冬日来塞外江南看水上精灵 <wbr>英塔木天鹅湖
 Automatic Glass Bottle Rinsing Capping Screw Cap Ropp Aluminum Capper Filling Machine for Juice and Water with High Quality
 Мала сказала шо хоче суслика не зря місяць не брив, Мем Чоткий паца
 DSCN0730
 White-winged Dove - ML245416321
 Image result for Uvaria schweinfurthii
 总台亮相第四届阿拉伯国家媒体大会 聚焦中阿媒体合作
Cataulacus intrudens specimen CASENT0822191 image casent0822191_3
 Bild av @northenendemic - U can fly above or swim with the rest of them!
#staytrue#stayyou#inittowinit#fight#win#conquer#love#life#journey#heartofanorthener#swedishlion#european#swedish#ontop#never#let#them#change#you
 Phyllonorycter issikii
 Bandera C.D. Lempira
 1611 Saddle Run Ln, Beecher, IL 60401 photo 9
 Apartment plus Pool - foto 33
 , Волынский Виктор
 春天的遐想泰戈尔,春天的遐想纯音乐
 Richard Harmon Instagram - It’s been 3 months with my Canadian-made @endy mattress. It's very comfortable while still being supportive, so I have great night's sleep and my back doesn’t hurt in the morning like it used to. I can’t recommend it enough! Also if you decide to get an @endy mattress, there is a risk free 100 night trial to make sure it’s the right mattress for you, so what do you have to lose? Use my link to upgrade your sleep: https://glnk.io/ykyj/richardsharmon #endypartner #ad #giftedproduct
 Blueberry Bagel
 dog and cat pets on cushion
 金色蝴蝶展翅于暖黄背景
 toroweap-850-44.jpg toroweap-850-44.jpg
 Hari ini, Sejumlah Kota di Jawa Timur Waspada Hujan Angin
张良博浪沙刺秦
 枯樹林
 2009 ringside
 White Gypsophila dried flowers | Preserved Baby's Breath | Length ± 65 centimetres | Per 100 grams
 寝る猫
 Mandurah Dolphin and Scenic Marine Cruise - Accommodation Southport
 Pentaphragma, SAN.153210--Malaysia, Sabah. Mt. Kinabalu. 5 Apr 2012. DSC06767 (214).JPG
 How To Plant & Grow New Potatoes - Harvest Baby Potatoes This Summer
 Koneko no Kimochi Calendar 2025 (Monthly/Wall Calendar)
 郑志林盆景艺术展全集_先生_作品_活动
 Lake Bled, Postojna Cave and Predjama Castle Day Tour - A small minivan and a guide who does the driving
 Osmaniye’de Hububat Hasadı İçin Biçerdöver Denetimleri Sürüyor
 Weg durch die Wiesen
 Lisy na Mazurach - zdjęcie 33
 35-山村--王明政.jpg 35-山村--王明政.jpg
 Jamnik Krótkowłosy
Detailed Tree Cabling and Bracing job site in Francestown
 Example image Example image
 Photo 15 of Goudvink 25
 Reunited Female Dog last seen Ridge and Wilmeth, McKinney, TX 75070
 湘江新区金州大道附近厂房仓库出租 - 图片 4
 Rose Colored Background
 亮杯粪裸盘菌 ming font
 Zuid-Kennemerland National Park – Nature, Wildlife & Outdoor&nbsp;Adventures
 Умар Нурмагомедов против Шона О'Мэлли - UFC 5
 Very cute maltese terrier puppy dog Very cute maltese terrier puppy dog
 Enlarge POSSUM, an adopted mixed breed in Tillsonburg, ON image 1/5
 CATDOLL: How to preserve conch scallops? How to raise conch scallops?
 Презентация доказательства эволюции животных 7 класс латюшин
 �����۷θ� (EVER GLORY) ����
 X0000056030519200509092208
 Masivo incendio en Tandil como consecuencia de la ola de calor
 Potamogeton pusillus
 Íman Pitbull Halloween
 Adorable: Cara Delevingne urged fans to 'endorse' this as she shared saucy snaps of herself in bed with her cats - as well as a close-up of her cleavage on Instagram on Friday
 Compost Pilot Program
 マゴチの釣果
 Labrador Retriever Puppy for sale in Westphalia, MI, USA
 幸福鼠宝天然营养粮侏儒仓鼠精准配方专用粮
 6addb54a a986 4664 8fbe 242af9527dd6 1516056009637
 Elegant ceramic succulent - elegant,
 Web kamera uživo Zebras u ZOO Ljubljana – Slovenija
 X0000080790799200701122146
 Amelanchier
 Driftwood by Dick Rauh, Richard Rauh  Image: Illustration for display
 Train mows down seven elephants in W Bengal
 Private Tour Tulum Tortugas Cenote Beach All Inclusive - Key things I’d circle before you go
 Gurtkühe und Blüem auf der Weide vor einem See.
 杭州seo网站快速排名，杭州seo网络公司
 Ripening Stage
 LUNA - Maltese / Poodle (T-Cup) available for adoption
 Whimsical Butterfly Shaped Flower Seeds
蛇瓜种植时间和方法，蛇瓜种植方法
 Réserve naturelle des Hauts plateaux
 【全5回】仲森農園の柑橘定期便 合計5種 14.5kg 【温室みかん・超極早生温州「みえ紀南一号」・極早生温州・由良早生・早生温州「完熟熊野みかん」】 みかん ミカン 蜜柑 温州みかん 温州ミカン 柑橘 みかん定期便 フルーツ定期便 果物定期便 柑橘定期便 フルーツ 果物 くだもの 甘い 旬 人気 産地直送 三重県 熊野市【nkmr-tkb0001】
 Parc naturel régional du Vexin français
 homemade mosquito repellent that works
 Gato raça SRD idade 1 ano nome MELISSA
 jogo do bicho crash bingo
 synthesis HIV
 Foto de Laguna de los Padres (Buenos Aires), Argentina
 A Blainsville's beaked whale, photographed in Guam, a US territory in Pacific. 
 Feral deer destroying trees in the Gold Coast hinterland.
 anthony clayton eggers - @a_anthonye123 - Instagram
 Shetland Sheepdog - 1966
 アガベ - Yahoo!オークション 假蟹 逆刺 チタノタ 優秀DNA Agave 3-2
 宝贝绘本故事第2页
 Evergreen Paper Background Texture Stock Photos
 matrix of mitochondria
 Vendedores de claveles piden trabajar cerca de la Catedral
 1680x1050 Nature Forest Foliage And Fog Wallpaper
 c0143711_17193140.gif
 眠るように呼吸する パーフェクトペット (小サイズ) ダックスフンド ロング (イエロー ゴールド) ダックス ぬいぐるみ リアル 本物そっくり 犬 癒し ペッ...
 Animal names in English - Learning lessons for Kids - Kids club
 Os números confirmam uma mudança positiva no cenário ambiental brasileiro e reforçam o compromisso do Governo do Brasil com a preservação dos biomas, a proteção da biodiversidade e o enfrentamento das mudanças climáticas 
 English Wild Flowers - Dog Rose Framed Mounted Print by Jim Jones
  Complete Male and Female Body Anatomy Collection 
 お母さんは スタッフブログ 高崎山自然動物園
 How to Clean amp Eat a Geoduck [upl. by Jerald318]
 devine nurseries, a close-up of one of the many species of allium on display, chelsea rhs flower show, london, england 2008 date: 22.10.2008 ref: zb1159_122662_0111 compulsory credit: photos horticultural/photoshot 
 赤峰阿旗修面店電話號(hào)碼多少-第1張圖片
_____
Directions: Repeat exactly the lines from the first line of the records above through the line containing "Bild av @northenendemic", both included, and nothing else.

Task solution:
冬日来塞外江南看水上精灵 <wbr>英塔木天鹅湖
 Automatic Glass Bottle Rinsing Capping Screw Cap Ropp Aluminum Capper Filling Machine for Juice and Water with High Quality
 Мала сказала шо хоче суслика не зря місяць не брив, Мем Чоткий паца
 DSCN0730
 White-winged Dove - ML245416321
 Image result for Uvaria schweinfurthii
 总台亮相第四届阿拉伯国家媒体大会 聚焦中阿媒体合作
Cataulacus intrudens specimen CASENT0822191 image casent0822191_3
 Bild av @northenendemic - U can fly above or swim with the rest of them!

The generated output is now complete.